Vingt-deux personnes soupçonnées d'être liées au
braquage record (85 millions d'euros) de la joaillerie Harry Winston, le 4 décembre 2008 à Paris, sont toujours en garde à vue ce mardi. Elles ont été arrêtées dimanche et lundi, et des bijoux provenant du vol ont été retrouvés. Les trois autres suspects ont été relâchés par les enquêteurs dans la nuit de lundi à mardi, selon une source policière.

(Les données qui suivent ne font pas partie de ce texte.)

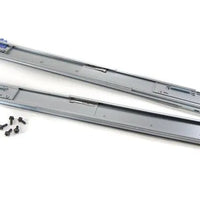 RCT - CHASSIS RAILS FOR 2U-380K; 2U-550; 4U-450RX 4UC450 MODELS RCT Cabinet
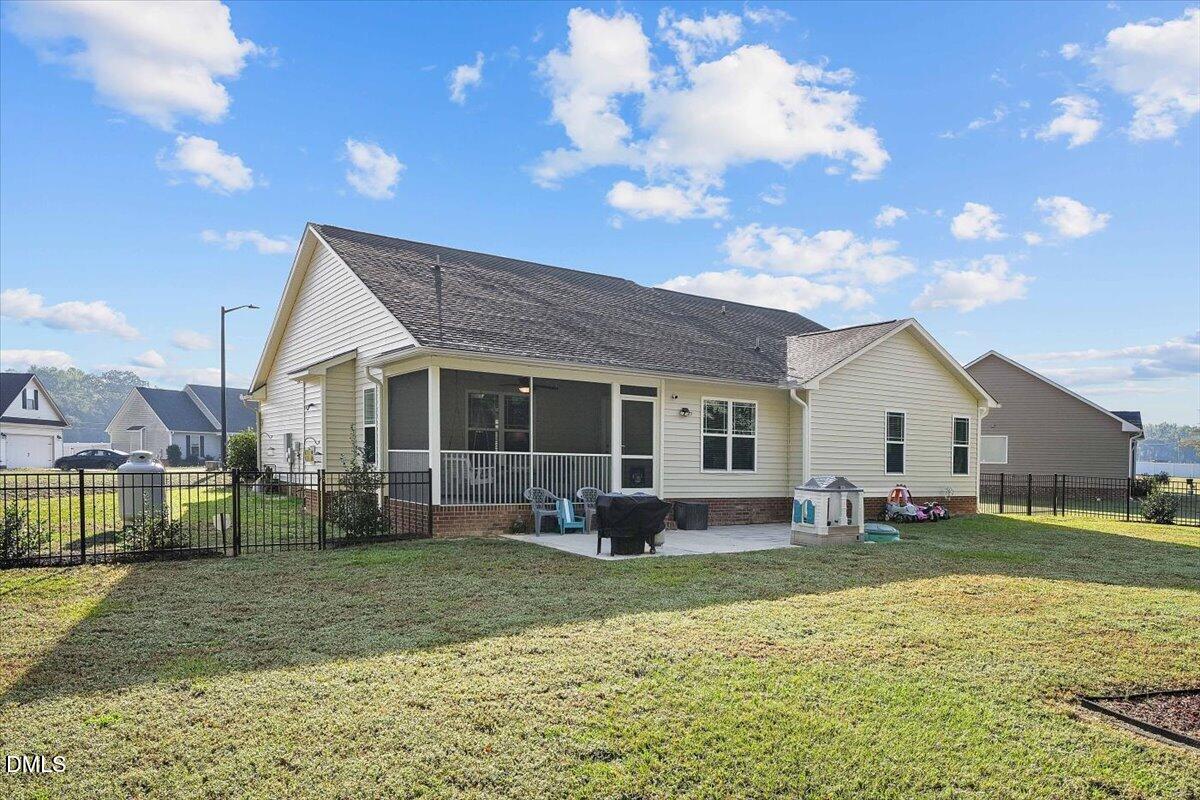 157 Goose Crk Circle Property Photo 11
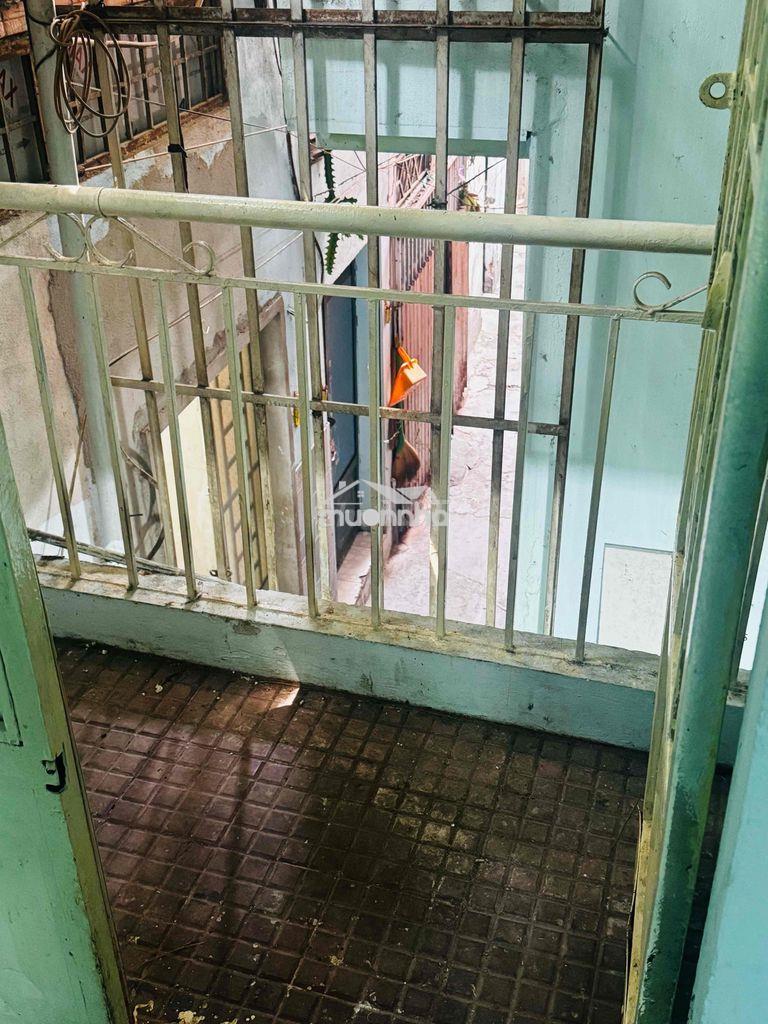 Cho thuê nhà nguyên căn 3,5 triệu  22/22 nguyễn ngọc cung, p16, q8 - 4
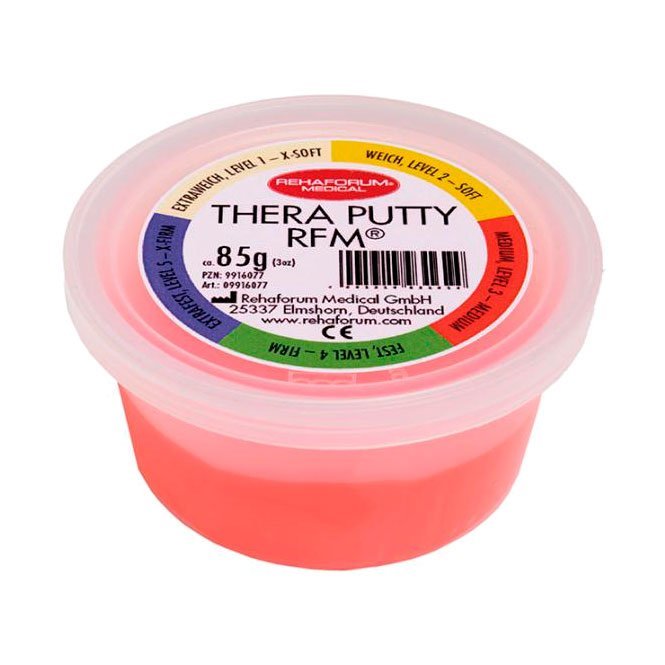 Formbar håndterapi - Seniorshop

Des «complicités internes»
Ces interpellations ont été réalisées dans la région parisienne par la Brigade de répression du banditisme (BRB) après que les enquêteurs ont appris qu'un receleur présumé des bijoux s'apprêtait à effectuer une transaction afin de les revendre. Celui-ci «venait de l'étranger», a ajouté cette source. Les suspects, âgés de 22 à 67 ans, sont liés au «milieu traditionnel haut de gamme» français, selon la même source. Ils auraient bénéficié «de complicités internes», dont celle d'un vigile également interpellé.
La BRB a découvert lors de perquisitions aux domiciles de certains suspects 250.000 euros puis un million d'euros en espèces, dans des caches, ainsi que des armes. Les enquêteurs s'efforcent depuis lundi de déterminer la part de responsabilités des suspects.
Une récompense d'un million de dollars
Le jeudi 4 décembre 2008, quatre malfaiteurs armés, dont certains déguisés en femmes, qui connaissaient les noms de certains employés, leur adresse personnelle et l'emplacement exact des coffres-forts, avaient fait main basse sur 85 millions d'euros de bijoux en un quart d'heure dans cette joaillerie de l'avenue Montaigne, en plein Triangle d'or, à Paris.
La Lloyd's de Londres avaient rapidement offert une prime d'un million de dollars (700.000 euros) à la première personne qui permettrait de retrouver ces bijoux... Le préjudice du braquage avait été estimé à 85 millions d'euros par la célèbre maison américaine, un record toutes catégories pour un vol en France.